╭─ STUDY MATERIAL

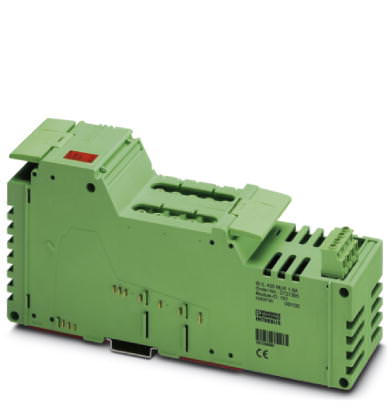 Клеммы Inline - IB IL 400 MLR 1-8A - 2727365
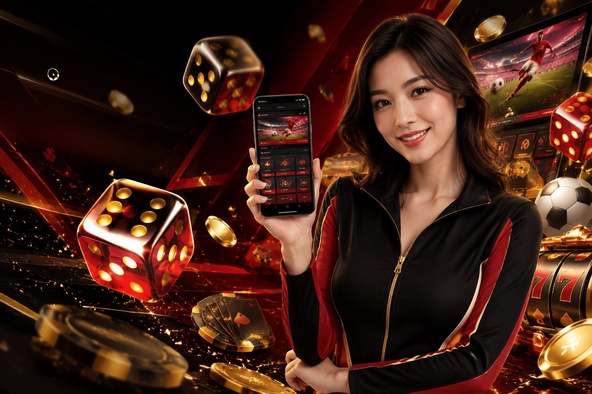 lucky888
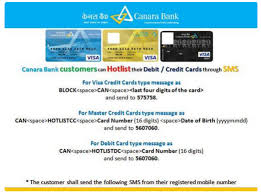 · redeem hsbc credit card reward points through customer service. Canara Bank On Twitter Kkadir Kazi Sir Kindly Visit Your Nearest Canara Bank Branch Or Refer Attachment For Hotlisting Your Debit Card Https T Co Y9mwapxkpy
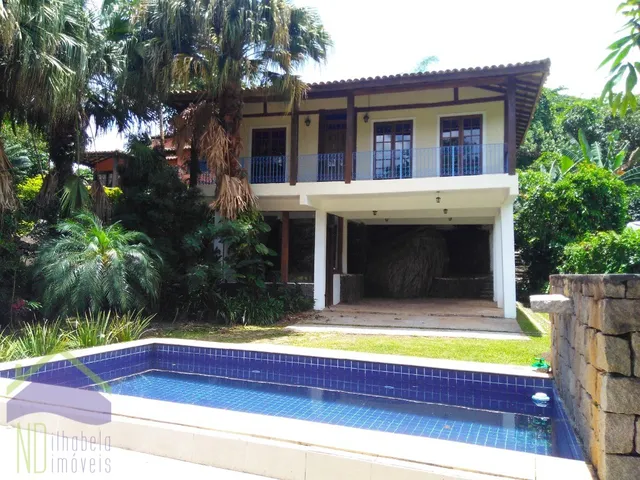 Imagem: Casa a venda, escritura definitiva, 4 dormitórios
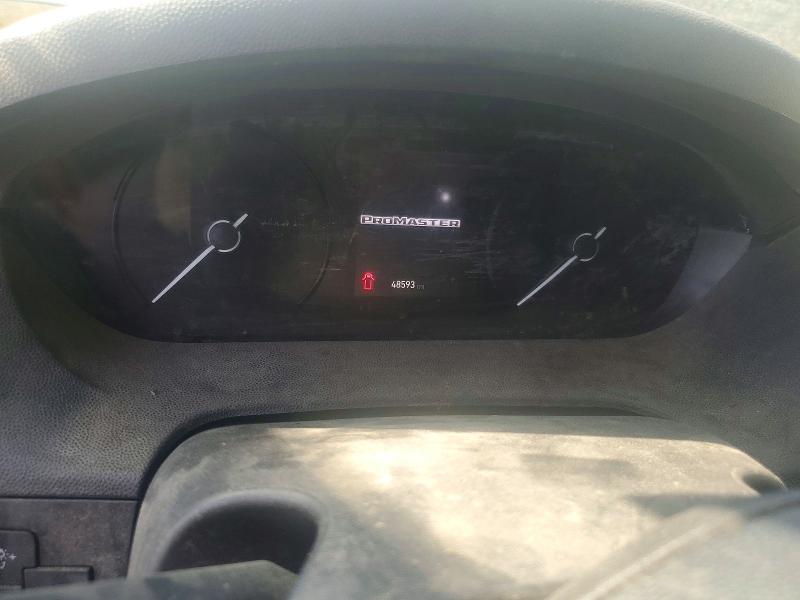 2023 Ram Promaster 2500 მანქანა იყიდება აუქციონზე, vin: 3C6LRVDGXPE519007, აუქციონის ნომერი: 49486296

╰─

INSTRUCTIONS TO FOLLOW -> The lines to return run from the line containing "Imagem: Casa a" through the last line of the records. Give them exactly, omitting pictures.

EXERCISE RESPONSE ->
 Imagem: Casa a venda, escritura definitiva, 4 dormitórios
 2023 Ram Promaster 2500 მანქანა იყიდება აუქციონზე, vin: 3C6LRVDGXPE519007, აუქციონის ნომერი: 49486296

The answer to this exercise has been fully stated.